═════ Records for the task ═════

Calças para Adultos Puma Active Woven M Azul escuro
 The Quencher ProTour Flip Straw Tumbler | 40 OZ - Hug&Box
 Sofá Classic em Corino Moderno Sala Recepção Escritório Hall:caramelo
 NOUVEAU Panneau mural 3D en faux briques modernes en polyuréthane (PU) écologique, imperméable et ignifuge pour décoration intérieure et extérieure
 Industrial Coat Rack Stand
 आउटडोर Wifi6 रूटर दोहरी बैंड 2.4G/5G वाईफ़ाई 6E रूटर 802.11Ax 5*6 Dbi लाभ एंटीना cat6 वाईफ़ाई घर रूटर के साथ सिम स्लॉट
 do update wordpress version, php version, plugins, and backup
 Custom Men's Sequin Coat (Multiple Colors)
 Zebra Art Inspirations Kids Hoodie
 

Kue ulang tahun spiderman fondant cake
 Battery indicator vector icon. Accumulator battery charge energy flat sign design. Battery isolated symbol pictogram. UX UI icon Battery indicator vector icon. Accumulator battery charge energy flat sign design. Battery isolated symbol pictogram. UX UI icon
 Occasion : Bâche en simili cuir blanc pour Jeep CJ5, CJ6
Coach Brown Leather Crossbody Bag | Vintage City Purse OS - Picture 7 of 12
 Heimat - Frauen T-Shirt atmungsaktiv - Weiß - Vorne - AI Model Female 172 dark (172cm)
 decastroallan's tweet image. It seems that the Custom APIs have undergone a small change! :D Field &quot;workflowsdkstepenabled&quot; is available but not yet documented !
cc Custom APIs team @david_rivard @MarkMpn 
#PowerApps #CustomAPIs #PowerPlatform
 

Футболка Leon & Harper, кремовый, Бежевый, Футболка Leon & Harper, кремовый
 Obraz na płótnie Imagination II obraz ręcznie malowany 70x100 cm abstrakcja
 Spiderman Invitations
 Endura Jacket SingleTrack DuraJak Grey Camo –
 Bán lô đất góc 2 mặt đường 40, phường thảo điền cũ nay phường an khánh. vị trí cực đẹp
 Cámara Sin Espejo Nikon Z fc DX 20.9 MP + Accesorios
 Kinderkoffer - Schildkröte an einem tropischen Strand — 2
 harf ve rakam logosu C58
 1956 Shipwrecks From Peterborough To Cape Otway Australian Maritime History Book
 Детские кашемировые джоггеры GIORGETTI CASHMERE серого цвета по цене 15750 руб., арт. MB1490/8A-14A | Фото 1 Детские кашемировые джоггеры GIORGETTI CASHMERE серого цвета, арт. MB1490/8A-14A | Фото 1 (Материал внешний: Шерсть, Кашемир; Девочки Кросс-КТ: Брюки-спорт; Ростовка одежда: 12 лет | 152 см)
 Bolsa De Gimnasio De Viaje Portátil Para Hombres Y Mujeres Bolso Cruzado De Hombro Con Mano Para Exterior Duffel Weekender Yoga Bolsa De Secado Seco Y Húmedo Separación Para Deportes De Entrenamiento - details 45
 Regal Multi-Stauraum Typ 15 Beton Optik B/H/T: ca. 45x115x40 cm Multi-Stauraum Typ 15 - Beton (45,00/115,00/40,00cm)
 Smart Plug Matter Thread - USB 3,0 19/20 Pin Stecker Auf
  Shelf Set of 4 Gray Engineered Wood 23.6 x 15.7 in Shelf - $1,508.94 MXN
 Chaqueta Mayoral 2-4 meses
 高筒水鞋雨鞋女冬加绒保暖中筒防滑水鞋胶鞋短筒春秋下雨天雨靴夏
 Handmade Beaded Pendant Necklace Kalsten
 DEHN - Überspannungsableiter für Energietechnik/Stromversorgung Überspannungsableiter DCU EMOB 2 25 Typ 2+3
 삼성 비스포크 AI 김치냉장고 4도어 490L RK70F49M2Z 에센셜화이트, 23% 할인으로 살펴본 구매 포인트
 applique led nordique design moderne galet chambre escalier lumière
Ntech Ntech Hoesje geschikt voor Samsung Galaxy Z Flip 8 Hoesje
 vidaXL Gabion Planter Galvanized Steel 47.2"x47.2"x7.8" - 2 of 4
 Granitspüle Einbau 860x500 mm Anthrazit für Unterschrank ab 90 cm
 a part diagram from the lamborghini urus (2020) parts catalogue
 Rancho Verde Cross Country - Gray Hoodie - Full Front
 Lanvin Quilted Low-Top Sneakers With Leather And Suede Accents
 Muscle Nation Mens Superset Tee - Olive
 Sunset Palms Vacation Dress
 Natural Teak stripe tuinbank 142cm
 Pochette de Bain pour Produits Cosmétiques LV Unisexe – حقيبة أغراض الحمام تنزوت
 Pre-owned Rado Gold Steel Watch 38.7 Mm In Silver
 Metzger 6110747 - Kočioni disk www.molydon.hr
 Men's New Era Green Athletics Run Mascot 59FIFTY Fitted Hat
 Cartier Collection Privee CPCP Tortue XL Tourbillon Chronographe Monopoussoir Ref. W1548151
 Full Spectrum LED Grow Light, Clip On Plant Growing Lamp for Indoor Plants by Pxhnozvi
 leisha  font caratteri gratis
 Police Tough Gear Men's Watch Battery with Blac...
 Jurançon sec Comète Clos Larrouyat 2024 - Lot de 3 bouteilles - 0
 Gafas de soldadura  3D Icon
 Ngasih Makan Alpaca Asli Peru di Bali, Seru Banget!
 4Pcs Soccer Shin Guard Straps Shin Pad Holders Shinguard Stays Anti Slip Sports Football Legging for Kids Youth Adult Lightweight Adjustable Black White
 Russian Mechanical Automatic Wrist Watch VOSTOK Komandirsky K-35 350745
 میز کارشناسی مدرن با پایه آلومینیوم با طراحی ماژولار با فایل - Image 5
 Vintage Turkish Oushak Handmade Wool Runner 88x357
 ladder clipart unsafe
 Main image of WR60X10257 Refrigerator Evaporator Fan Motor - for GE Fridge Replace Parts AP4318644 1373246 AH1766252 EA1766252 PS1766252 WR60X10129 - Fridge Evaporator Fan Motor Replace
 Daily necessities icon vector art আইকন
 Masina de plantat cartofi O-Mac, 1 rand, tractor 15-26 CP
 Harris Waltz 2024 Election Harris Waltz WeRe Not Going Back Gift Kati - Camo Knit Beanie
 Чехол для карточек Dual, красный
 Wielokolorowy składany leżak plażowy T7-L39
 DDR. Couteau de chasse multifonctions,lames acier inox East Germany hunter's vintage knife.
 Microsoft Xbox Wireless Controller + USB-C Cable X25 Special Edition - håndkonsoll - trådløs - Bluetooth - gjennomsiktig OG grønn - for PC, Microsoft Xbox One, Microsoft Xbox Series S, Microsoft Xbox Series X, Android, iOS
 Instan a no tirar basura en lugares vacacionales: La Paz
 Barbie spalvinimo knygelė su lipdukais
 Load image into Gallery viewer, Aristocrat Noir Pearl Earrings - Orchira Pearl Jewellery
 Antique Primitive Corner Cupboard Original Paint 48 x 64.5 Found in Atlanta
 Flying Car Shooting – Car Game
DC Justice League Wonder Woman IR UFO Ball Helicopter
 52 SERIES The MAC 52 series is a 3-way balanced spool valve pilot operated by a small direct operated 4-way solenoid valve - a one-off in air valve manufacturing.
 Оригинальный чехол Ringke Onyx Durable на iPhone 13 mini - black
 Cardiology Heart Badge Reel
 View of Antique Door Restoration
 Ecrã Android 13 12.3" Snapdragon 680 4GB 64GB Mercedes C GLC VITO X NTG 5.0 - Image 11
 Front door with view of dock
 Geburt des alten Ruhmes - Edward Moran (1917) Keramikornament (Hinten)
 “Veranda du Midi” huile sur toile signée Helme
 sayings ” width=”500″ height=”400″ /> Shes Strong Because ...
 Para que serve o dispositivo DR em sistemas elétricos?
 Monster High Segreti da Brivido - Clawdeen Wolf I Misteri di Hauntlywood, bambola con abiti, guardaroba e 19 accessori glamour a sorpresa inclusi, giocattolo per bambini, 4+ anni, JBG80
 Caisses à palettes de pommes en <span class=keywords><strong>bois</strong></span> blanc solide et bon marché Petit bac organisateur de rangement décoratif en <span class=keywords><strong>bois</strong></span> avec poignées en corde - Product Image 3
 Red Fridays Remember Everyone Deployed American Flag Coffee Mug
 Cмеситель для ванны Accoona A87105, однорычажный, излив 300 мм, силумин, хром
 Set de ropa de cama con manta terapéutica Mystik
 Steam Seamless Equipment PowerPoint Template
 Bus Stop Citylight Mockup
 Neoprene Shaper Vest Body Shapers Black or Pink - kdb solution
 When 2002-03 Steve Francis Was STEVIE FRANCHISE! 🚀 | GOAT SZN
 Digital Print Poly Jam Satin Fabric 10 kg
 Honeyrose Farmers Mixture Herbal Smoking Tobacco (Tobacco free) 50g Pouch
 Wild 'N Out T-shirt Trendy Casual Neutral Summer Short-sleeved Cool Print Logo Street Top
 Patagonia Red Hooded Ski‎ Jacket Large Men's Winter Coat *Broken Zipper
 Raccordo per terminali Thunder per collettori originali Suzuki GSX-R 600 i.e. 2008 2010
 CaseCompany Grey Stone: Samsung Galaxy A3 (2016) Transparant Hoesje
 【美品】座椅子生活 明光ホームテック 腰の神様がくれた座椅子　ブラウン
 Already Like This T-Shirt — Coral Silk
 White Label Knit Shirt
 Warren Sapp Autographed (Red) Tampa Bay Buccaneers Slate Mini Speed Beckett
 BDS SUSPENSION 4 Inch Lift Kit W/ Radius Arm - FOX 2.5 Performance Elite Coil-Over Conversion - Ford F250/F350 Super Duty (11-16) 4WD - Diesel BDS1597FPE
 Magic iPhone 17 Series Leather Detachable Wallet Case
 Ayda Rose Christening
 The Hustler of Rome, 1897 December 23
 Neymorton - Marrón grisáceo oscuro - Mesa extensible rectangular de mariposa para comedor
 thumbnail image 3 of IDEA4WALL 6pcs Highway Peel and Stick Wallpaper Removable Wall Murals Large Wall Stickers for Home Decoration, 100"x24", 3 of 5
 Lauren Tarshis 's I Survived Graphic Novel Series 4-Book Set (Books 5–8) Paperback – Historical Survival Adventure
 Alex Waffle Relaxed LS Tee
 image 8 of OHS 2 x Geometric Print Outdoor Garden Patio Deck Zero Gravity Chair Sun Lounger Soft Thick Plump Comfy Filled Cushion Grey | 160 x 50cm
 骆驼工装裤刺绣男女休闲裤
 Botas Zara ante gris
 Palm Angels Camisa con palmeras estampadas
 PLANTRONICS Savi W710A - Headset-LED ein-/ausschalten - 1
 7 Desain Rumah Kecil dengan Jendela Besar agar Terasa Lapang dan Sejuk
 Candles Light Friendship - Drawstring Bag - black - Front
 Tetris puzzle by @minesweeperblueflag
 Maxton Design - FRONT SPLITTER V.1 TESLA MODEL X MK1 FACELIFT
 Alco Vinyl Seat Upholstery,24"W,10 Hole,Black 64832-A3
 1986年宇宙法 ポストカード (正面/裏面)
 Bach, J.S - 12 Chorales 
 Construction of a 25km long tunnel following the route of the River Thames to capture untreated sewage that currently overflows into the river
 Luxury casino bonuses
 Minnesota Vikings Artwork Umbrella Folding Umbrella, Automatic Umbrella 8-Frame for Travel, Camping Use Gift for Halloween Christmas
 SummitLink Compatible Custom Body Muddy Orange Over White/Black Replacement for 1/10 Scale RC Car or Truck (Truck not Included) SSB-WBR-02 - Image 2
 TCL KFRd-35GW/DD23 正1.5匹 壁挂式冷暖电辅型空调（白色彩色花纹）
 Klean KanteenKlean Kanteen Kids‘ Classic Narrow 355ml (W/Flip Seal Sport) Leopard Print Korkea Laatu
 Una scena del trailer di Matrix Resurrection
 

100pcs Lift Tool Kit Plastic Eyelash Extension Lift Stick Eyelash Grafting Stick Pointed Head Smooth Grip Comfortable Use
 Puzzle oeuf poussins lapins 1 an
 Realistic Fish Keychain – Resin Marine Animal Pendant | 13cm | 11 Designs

═════

__Directions for this task__: The lines above starting at the one that contains "Strong Because ..." and ending at the one that contains "Alex Waffle Relaxed LS Tee" must be transcribed exactly, and no other lines may appear.

__Your solution__:
 sayings ” width=”500″ height=”400″ /> Shes Strong Because ...
 Para que serve o dispositivo DR em sistemas elétricos?
 Monster High Segreti da Brivido - Clawdeen Wolf I Misteri di Hauntlywood, bambola con abiti, guardaroba e 19 accessori glamour a sorpresa inclusi, giocattolo per bambini, 4+ anni, JBG80
 Caisses à palettes de pommes en <span class=keywords><strong>bois</strong></span> blanc solide et bon marché Petit bac organisateur de rangement décoratif en <span class=keywords><strong>bois</strong></span> avec poignées en corde - Product Image 3
 Red Fridays Remember Everyone Deployed American Flag Coffee Mug
 Cмеситель для ванны Accoona A87105, однорычажный, излив 300 мм, силумин, хром
 Set de ropa de cama con manta terapéutica Mystik
 Steam Seamless Equipment PowerPoint Template
 Bus Stop Citylight Mockup
 Neoprene Shaper Vest Body Shapers Black or Pink - kdb solution
 When 2002-03 Steve Francis Was STEVIE FRANCHISE! 🚀 | GOAT SZN
 Digital Print Poly Jam Satin Fabric 10 kg
 Honeyrose Farmers Mixture Herbal Smoking Tobacco (Tobacco free) 50g Pouch
 Wild 'N Out T-shirt Trendy Casual Neutral Summer Short-sleeved Cool Print Logo Street Top
 Patagonia Red Hooded Ski‎ Jacket Large Men's Winter Coat *Broken Zipper
 Raccordo per terminali Thunder per collettori originali Suzuki GSX-R 600 i.e. 2008 2010
 CaseCompany Grey Stone: Samsung Galaxy A3 (2016) Transparant Hoesje
 【美品】座椅子生活 明光ホームテック 腰の神様がくれた座椅子　ブラウン
 Already Like This T-Shirt — Coral Silk
 White Label Knit Shirt
 Warren Sapp Autographed (Red) Tampa Bay Buccaneers Slate Mini Speed Beckett
 BDS SUSPENSION 4 Inch Lift Kit W/ Radius Arm - FOX 2.5 Performance Elite Coil-Over Conversion - Ford F250/F350 Super Duty (11-16) 4WD - Diesel BDS1597FPE
 Magic iPhone 17 Series Leather Detachable Wallet Case
 Ayda Rose Christening
 The Hustler of Rome, 1897 December 23
 Neymorton - Marrón grisáceo oscuro - Mesa extensible rectangular de mariposa para comedor
 thumbnail image 3 of IDEA4WALL 6pcs Highway Peel and Stick Wallpaper Removable Wall Murals Large Wall Stickers for Home Decoration, 100"x24", 3 of 5
 Lauren Tarshis 's I Survived Graphic Novel Series 4-Book Set (Books 5–8) Paperback – Historical Survival Adventure
 Alex Waffle Relaxed LS Tee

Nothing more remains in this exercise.